Rain showers likely from Sunday through Tuesday
Thursday, June 27, 2019
Only several days removed from our last snowfall in Steamboat Springs on this past Sunday, I can finally talk about summer weather! A disturbance from the south will increase the chances of rainfall starting later Sunday and Monday, while a disturbance to our north will continue those increased chances on Tuesday. Drier air should be around for Wednesday and Thursday, the Fourth of July, before rainfall chances increase again as we head into the long holiday weekend, courtesy of the North American Monsoon.
A large and cold storm currently in the Pacific Northwest will split into several pieces over the next several days thanks to incoming Pacific energy and cold air moving southward from just south of the Arctic Circle. The storm will undergo a complicated evolution, but our area will be spared most of the forecast uncertainty as a sprawling ridge of high pressure encompassing much of the U.S. shunts most of the storm to our north. Unlike last week, this is representative of average summer weather.

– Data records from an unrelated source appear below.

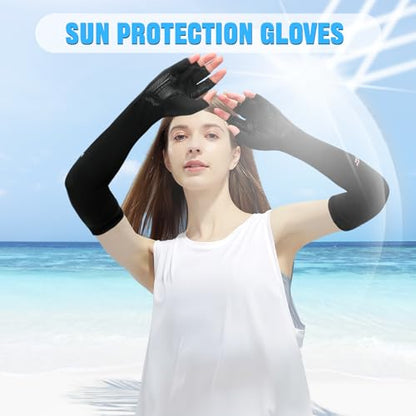 UV Protection Gloves - Non Slip Sunblock Gloves for Summer Outdoor Fishing & Driving - color: Gray Blue
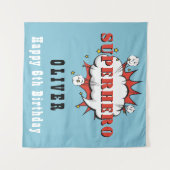 Tenture Superhero Comic Speech Bubble Boy Anniversaire Par (Devant (Horizontal))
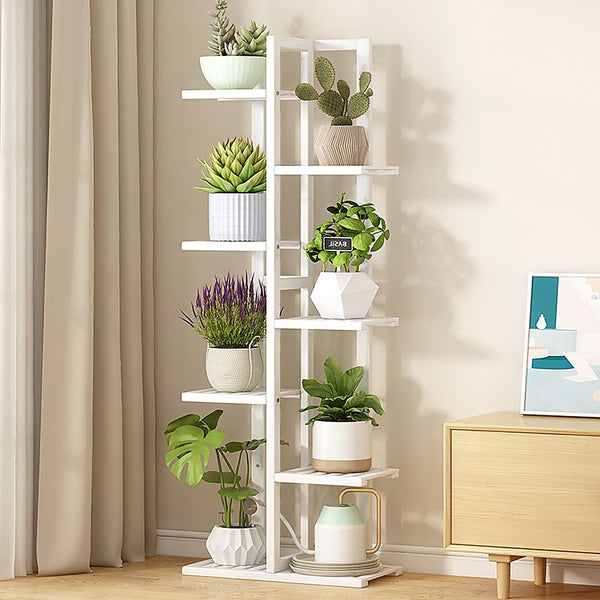  6-Tier Vertical Bamboo Plant Stand Outdoor Garden Shelf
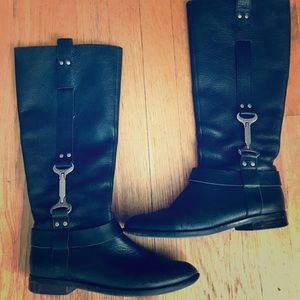 Nine West Leather Black Knee High Boots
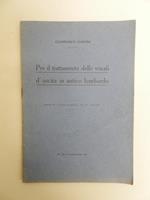 Per il trattamento delle vocali d'uscita in antico lombardo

Ahead of the storm, we should see mostly sunny and dry weather with breezy southwest winds for the rest of today and Friday. On Saturday, the remnants of Alvin, the first subtropical storm of the season that originated off the western coast of Mexico, will travel along the western periphery of the ridge of high pressure and increase moisture over our area.
There may be some chance of showers Saturday afternoon and evening as the remnants of Alvin approach, but much better chances emerge on Sunday and Monday as the subtropical disturbance passes overhead.

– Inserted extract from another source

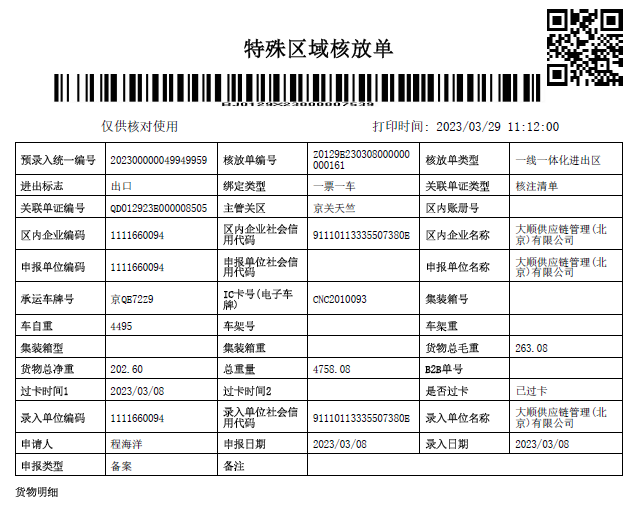 重车出区核放单(样例)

Winds will decrease and swing to be more from the west on Monday and northwest on Tuesday as a piece of the old Pacific Northwest storm mixes with the cold air originally from the Arctic Circle and treks across the Canadian Plains. A weak cool front is forecast to move across our area later Tuesday or early Wednesday, and good shower chances will continue ahead of and along the front.
Drier air moves in from the west behind the front on Wednesday and Thursday, Independence Day, before moisture is again forecast to increase heading into the holiday weekend, this time from the south as the North American Monsoon develops. After three major snowstorms that contained inch per hour snowfall rates at the higher elevations for about twenty hours or so around May 22, May 29 and June 21, it appears the atmosphere is returning to some sort of normalcy with the on-time arrival of the monsoon.